Performance comparison:

>>> seq_expansion_benchmark
builtin sequence expansion: 5.328
seq: 10.076

String Manipulation

Bash supports a TON of variable manipulation methods (see BHW for a more comprehensive list), so I'll cover a couple common cases here to illustrate the point. This isn't intended to be a how-to, but a case for using builtins.

People often rely on tr or awk to change letter casing.

$ UPPER='CRUISECONTROL'
$ echo ${UPPER} | tr [A-Z] [a-z]
cruisecontrol
$ echo ${UPPER} | awk '{print tolower($0)}'
cruisecontrol
$ echo ${UPPER,,} # native
cruisecontrol

Performance comparison:

>>> downcase_benchmark
builtin variable manipulation: 0.202
/usr/bin/tr: 20.698
/usr/bin/awk: 37.323

People often use sed for simple string replacement, e.g. search and replace functionality.

$ CONTENT=$(< blogpost.md)
$ echo "${CONTENT}" | sed -e 's/replace/transform/g' > newpost.md
$ echo "${CONTENT//replace/transform/}" > newpost.md

Performance comparison:

>>> replacement_benchmark
builtin variable replacement: 0.244
/usr/bin/sed: 29.274

On the note of sed, if you must use sed for your use case, be sure to combine multiple expressions into one command rather than using multiple pipes. There is a large performance hit for starting a new sed process.

$ echo "${CONTENT}" | sed -e 's/UNIX/Unix/g' -e 's,Linux,GNU/Linux,g'

Summary

There are many more examples of pure Bash implementations of common programming problems that I didn't cover.
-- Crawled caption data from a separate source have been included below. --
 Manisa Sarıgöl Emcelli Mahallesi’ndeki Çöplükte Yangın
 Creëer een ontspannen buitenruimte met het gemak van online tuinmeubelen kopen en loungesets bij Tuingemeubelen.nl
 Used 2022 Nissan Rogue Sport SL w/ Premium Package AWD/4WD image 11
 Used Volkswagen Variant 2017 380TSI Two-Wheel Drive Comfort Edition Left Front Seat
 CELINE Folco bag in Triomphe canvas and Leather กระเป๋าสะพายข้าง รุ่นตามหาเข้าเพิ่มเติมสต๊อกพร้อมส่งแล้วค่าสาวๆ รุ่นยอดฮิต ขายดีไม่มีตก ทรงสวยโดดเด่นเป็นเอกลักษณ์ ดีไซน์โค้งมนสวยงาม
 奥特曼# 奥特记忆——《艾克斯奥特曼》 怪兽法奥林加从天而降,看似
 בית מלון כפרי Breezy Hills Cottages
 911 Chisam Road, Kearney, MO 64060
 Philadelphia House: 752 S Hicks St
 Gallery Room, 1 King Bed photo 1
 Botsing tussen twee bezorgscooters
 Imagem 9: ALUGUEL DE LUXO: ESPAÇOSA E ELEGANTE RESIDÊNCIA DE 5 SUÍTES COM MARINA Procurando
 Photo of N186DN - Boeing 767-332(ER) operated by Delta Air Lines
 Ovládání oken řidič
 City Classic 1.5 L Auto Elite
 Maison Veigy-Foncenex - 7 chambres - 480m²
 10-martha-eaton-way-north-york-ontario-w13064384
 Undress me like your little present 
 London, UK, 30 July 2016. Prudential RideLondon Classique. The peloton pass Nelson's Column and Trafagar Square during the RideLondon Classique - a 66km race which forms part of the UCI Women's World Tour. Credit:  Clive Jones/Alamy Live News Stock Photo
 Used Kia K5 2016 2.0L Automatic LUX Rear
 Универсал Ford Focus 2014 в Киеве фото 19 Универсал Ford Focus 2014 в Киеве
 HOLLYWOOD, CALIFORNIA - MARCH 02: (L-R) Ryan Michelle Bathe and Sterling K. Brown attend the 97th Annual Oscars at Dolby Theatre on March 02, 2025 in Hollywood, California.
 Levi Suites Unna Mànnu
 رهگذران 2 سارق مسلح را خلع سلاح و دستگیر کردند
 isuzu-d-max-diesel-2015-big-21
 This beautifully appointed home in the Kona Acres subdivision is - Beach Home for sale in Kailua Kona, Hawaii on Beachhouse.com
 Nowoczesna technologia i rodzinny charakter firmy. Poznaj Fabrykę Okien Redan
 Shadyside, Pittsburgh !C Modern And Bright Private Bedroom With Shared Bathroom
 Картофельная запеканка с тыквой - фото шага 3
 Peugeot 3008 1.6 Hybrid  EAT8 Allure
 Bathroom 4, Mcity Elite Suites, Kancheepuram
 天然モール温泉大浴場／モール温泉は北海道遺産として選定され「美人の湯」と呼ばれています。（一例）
The benchmarks hopefully made it pretty clear that Bash wins out performance-wise by a landslide in most simple cases. So generally I'm saying, take advantage of all Bash has to offer like you would the standard library in your programming language of choice. Using the builtin capabilities of the shell are going to be faster than calling out to external programs, and external programs are often overkill for common situations where you're using a shell script anyway. Take a look at StackOverflow now, and notice how many answers involving sed, awk, grep, and wc could be solved with pure Bash.